Prof. Dr. Murat Tuncer konuşmasında böyle bir milletin ferdi olmaktan gurur duyduğunu ifade ederek, “15 Temmuz hakikaten çok önemlidir. Cumhurbaşkanımızın da belirttiği gibi, bugün başta Cumhurbaşkanımızın şahsına olmak üzere bütün Türkiye Cumhuriyeti’nin geleceğine ipotek konulmak üzere düzenlenmiş bir konudur. Bu tip saldırılar, haince girişimler, vatan hainleri her zaman olacaktır. Bu sadece geçmişte var diye düşünmüyorum, bundan sonra da bu devam edecektir. İstiklal Savaşı’nda, daha önce Osmanlı'nın son dönemlerinde birçok kez bu senaryolar gündeme getirildi. Ama bizim halkımızın duyarlılığı vesilesiyle bütünleşme duygusu bunların hepsine galip geldi. 15 Temmuz da bunlardan biriydi. Onun için 15 Temmuz’u unutmamak gerekir” şeklinde konuştu.

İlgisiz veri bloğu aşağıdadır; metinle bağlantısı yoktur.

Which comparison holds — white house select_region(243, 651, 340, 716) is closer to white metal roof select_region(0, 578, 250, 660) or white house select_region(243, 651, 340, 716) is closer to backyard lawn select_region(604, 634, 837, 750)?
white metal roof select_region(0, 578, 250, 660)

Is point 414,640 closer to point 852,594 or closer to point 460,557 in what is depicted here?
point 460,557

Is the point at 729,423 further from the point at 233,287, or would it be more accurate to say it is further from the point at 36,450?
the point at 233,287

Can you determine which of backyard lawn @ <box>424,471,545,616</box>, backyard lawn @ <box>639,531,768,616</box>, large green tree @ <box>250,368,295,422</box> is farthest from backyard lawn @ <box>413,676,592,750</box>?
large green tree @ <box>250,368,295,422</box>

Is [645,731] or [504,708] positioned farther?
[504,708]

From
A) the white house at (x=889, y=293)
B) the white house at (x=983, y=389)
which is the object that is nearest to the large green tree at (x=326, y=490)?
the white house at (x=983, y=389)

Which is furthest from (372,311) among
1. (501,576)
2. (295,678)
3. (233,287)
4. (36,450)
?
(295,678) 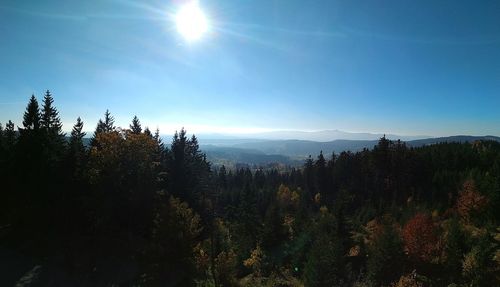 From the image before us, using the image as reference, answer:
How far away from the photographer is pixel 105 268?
88.4 ft

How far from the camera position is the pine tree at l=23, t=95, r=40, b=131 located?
3803 cm

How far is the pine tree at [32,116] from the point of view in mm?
38031

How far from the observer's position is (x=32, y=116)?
127 ft

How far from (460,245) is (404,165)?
39378mm

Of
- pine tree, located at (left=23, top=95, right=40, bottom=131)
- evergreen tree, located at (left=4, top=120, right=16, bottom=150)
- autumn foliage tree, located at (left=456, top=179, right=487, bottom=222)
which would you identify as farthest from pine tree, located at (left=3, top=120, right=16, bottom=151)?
autumn foliage tree, located at (left=456, top=179, right=487, bottom=222)

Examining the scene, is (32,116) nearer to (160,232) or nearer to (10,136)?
(10,136)

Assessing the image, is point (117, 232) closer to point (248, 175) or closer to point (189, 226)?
point (189, 226)

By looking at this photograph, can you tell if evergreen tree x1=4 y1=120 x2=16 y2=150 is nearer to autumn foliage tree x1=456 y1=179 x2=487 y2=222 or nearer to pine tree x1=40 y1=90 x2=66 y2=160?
pine tree x1=40 y1=90 x2=66 y2=160

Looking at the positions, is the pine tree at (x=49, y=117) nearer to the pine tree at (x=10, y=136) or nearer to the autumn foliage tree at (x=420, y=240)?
the pine tree at (x=10, y=136)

Açılış konuşmasının ardından 15 Temmuz Milli Birlik ve Demokrasi Paneli oturumu, İstanbul Üniversitesi Rektörü Prof. Dr. Mahmut Ak’ın başkanlığında gerçekleştirildi.

“Eğer sorumluluklarımızı layıkıyla idrak edemezsek boşlukları başkaları doldurur” 

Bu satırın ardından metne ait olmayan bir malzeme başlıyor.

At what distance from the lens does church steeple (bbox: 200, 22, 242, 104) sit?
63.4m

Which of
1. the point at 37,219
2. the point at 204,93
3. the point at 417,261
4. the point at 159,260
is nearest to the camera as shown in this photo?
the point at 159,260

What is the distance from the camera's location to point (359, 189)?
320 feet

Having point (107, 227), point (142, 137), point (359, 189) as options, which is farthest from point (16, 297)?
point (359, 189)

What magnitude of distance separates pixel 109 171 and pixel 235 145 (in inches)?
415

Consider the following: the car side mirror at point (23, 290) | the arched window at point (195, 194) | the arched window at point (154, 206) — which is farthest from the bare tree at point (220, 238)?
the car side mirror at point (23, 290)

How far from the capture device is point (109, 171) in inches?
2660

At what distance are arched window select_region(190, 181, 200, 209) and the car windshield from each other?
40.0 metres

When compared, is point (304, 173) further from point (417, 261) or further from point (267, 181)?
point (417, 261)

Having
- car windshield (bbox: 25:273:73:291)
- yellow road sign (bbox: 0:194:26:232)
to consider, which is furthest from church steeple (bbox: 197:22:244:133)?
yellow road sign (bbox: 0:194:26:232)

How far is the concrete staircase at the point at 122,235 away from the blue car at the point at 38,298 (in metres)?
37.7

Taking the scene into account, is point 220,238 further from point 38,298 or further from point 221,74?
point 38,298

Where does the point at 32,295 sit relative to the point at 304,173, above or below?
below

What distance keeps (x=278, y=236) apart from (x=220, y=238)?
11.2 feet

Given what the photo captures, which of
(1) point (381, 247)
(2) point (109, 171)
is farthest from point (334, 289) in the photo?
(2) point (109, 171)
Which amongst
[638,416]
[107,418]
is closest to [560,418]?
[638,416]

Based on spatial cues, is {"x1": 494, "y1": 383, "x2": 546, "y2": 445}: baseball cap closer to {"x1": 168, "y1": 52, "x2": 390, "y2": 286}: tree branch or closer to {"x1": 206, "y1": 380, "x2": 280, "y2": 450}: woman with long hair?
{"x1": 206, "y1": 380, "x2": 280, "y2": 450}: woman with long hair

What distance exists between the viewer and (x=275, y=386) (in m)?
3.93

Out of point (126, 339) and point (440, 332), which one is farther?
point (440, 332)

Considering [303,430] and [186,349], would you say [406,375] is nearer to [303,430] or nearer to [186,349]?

İstanbul Üniversitesi Rektörü Prof. Dr. Mahmut Ak oturum açılışını yaparken 15 Temmuz gecesi şehit olan 251 asker ve sivil vatandaşa Allah’tan rahmet diledi. 

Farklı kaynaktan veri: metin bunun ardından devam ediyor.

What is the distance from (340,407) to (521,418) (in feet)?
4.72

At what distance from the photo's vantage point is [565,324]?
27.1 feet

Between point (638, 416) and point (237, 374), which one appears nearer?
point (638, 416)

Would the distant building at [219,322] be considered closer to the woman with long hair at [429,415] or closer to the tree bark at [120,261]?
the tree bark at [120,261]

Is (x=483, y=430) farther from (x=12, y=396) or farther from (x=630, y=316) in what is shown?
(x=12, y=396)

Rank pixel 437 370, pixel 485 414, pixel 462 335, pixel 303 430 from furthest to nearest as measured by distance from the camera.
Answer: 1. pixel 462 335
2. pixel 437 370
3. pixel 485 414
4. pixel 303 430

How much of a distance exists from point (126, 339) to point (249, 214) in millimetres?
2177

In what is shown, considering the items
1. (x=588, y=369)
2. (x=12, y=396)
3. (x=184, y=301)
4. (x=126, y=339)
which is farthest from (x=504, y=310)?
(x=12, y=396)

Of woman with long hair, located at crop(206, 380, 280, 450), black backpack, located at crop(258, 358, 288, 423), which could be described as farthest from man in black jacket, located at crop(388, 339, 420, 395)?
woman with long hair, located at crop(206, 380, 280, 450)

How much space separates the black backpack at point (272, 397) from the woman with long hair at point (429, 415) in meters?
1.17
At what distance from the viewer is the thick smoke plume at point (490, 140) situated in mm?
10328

15 Temmuz gecesinin bir milletin devletine sahip çıkma öyküsü olarak gururla hatırlanacak bir gece olduğunun altını çizen İstanbul Üniversitesi Rektörü Prof. Dr. Mahmut Ak, “Eğer sorumluluklarımızı layıkıyla idrak edemez ve bu sorumlulukları yerine getiremezsek boşlukları başkaları doldurur. Hem de garip kılıklar ile din ve millet adına içine biraz tarih karıştırarak, gelenek karıştırarak dış mihrakların oyuncağı olacak şekilde bir grupla birliktelikler oluşturulabiliyor. Bu yönü ile FETÖ’den kaynaklanan bu ihanet girişimini kendi dinamikleri içerisinde öğrenecek olursak, buradaki tecrübemizin benzer sapık ve sapkın hareketleri de doğru şekilde algılayacağımıza imkan tanıyacağına şüphe yok. Bu yönüyle biz bu toplantıların sadece FETÖ’yü anlama değil, FETÖ ve benzerlerine karşı da hem kendimizi, hem toplumu koruma anlamında büyük tecrübeler kazandıracağı inancındayız. Zaten bu yönüyle de bizim bu toplantımızın konusu biçimlenmiş oldu” ifadelerini kullandı.

Ardından İstanbul Üniversitesi Rektörü Prof. Dr. Mahmut Ak panele katılan konuşmacıları tanıtarak oturum hakkında bilgi verdi.

Oturumda İstanbul Üniversitesi İktisat Fakültesi Dekanı Prof. Dr. Haluk Alkan “15 Temmuz Darbe Girişiminin Siyasal Etkileri”, İstanbul Üniversitesi İlahiyat Fakültesi Dekanı ve Din İşleri Yüksek Kurulu Üyesi Prof. Dr. Mürteza Bedir “15 Temmuz Darbe Girişimine İlahiyatçı Gözüyle Bakış”, İstanbul Üniversitesi Edebiyat Fakültesi Sosyoloji Bölüm Başkanı Prof. Dr. İsmail Coşkun ise “15 Temmuz Darbe Girişiminin Sosyolojik Etkileri” konularında değerlendirmelerde bulundu.

“FETÖ yapılanmasını anlayabilmek için vesayetçi anlayışın özellikleri anlaşılmalı” 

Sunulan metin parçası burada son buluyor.